CLI tool designed to simplify the process of uploading files to Usenet

[GitHub] [PyPI] [Docs]

For all intents and purposes, this was the first piece of code I ever wrote that was more complex than Fibonacci. It started off as a single-file script that you couldn’t even install from PyPI because I had no idea how to package anything.

If you don’t know much about uploading to usenet: you can’t upload folders, only individual files, and you should obfuscate them. Typical workflow is that your uploader splits the file into pieces called “articles” (if you’re familiar with torrenting, this is similar), uploads them, and records them in an NZB file. Downloaders then use the NZB to grab each article and reconstruct the file. If a single article is lost, deleted, or corrupted, everything breaks, so there are also parity files called PAR2 which are generated for a given data file and uploaded together, allowing the client to repair the file up to a certain threshold.

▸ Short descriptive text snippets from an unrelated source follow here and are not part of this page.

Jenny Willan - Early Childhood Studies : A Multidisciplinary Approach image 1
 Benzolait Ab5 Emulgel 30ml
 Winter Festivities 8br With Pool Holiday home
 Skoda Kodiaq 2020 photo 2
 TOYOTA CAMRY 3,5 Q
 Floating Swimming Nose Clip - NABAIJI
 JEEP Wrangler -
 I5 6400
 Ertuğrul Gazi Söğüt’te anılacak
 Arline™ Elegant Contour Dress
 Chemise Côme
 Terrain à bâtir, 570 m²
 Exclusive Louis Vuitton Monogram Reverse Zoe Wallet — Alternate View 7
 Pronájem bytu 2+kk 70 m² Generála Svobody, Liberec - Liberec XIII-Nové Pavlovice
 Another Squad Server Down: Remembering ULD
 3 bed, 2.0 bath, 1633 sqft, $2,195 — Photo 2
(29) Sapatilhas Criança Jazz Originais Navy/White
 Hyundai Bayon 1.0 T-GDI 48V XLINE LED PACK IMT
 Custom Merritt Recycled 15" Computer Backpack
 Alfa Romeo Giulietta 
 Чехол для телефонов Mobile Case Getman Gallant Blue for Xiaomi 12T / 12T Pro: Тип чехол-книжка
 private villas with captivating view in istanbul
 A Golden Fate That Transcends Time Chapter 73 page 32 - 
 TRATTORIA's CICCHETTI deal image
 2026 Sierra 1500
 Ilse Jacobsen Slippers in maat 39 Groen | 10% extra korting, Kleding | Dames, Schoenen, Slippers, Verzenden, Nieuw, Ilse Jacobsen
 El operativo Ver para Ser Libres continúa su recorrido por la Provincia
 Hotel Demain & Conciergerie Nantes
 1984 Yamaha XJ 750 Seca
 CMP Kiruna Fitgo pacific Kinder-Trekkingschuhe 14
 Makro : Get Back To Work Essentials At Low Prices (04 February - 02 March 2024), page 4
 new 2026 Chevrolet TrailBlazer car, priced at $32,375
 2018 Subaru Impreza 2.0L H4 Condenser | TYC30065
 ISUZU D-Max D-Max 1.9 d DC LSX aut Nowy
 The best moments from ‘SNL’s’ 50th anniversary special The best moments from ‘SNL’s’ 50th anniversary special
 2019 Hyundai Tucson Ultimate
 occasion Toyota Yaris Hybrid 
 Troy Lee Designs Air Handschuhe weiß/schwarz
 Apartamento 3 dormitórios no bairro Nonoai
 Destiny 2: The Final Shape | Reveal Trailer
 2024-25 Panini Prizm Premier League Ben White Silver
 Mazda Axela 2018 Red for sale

Now, pretty much all existing Usenet uploaders wrap your file or folder in split, obfuscated RAR archives which then get split into articles. They then write this obfuscated nonsense in the NZB file, which means you can no longer statically parse it to get any metadata. And obfuscating the NZB is worse than useless. You only really wanna obfuscate the data, because once you have the NZB you can download the file regardless. The RAR step may have served some purpose 20 years ago but it’s entirely wasteful now. It’s probably a mix of history, people following existing practices blindly, and the misconception that RARing is necessary for obfuscation and/or preserving a folder.

And you know what else PAR2 files can do? They can rename the file to its original name, which you can use to reconstruct the folder structure. So we no longer need RARs for that. RAR is also unnecessary for obfuscation, since that already happens at the article level. While testing this setup, I also found a bug in SABnzbd where it failed to correctly reconstruct the folder structure from PAR2 alone, which got fixed pretty quickly.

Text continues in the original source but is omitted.